Who is affected by emotional abuse? This destructive type of behaviour can occur in any type of relationship.
- Between a parent and a child
- In any kind of friendship
- With other relatives
- Emotional and verbal abuse can also be found in the workplace or at school
The effects of emotional abuse can make another person doubt themselves and others, and slowly break down a person’s self-worth or self-esteem. Whoever came up with the saying ‘sticks and stones can break my bones, but words will never hurt me’ was obviously in denial. Emotional and verbal abuse, if not dealt with correctly, can leave the person being abused with severe emotional pain and even long term psychological scars. The person being abused can develop severe anxiety and depression.
The main purpose of emotional abuse is to try and control and also to dominate another person. In many of the cases the abuser has not dealt with their own childhood traumas and may have been abused themselves. By not dealing with the issue in a constructive way and learning how to build positive relationships, the person can easily harbour resentment and anger. This person then goes out into society and displays the exact same behaviour to others.
Emotional abuse can lead to physical abuse, but not always. Although emotional and verbal abuse always seem to accompany physical abuse. Some of the signs of emotional abuse include:
- Controlling behaviour – Always asking where you are going and who you are with. The abuser will try to isolate and control everything. Displays unreasonable jealous tendencies towards friends and colleagues.
- Being manipulative and cruelly using emotional blackmail to get their way.
- Meting out punishment that is undeserved
- Emotional outburst that are unpredictable
- Those who are abusive may have unrealistic expectations – for example demanding all your time to be with them.
- Behaviour and speech that is derogative. Calling you stupid, swearing at you and undermining your thoughts and values, is derisive towards your appearance and insults your intelligence.
- Continuously accusing you of lying and casts the blame of their behaviour onto you.
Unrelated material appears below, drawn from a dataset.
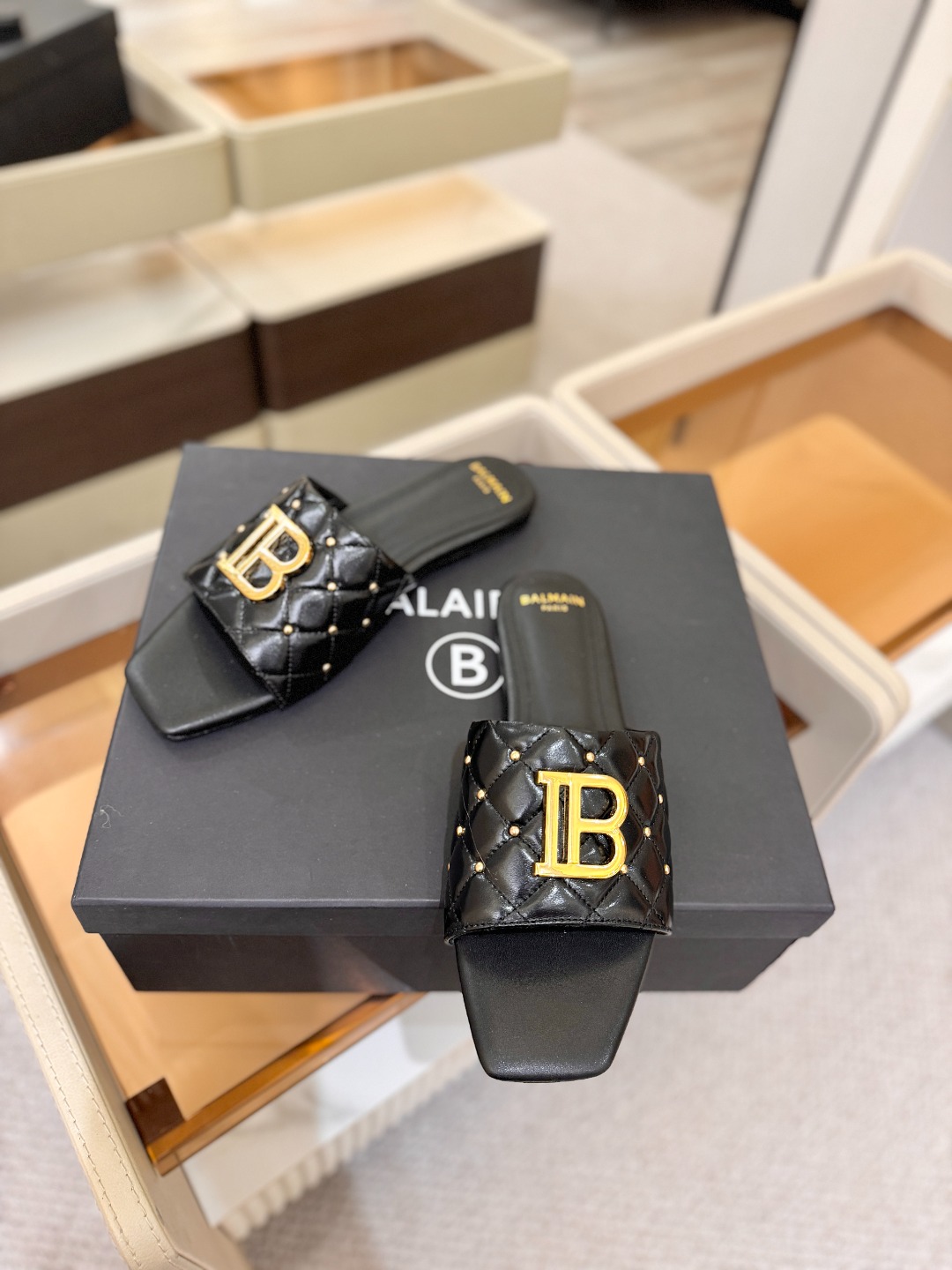 Balmain 巴尔曼 走秀时装平底拖鞋———————————𝘽𝙖𝙡𝙢𝙖𝙞𝙣巴尔曼 愈发別致出众 赶紧来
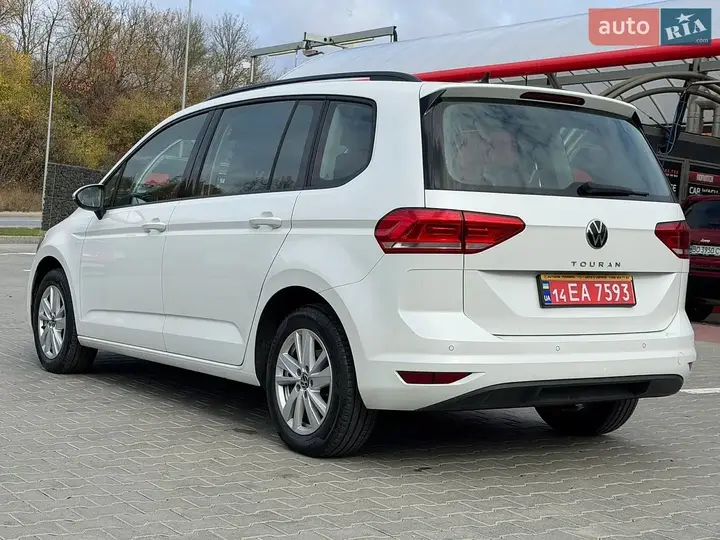 Volkswagen Touran 2022 photo 2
- Deliberately withholding love or any type of communication and support
- Continuous use of hurtful jokes or sarcastic remarks
- In many cases overbearing and unwelcome teasing can also be seen as abusive
The first step towards any type of healing, is to recognize there is an actual problem. Some who have been in an abusive relationship for a length of time may think the problem is with them, but it’s not, stop blaming yourself. Sometimes it may be necessary to leave the abusive relationship, but if this is not the case then there must be some boundaries set. Let the person know that you will no longer participate in conversations that are meant to hurt and criticize.
You cannot change an abusive person and the choices they make, but you can control your response to them. In certain cases professional help may be needed to improve the relationship. The most important thing is not to isolate yourself and to make sure that you have a support network in place. It could be a friend, another family member, pastor or even a counsellor, but stop being silent.
The abuse cannot go on forever, eventually the stress will cause illnesses such as depression and anxiety. Remember to put your own needs first and that you no longer need to please and protect the abuser. They no longer have control or power over you.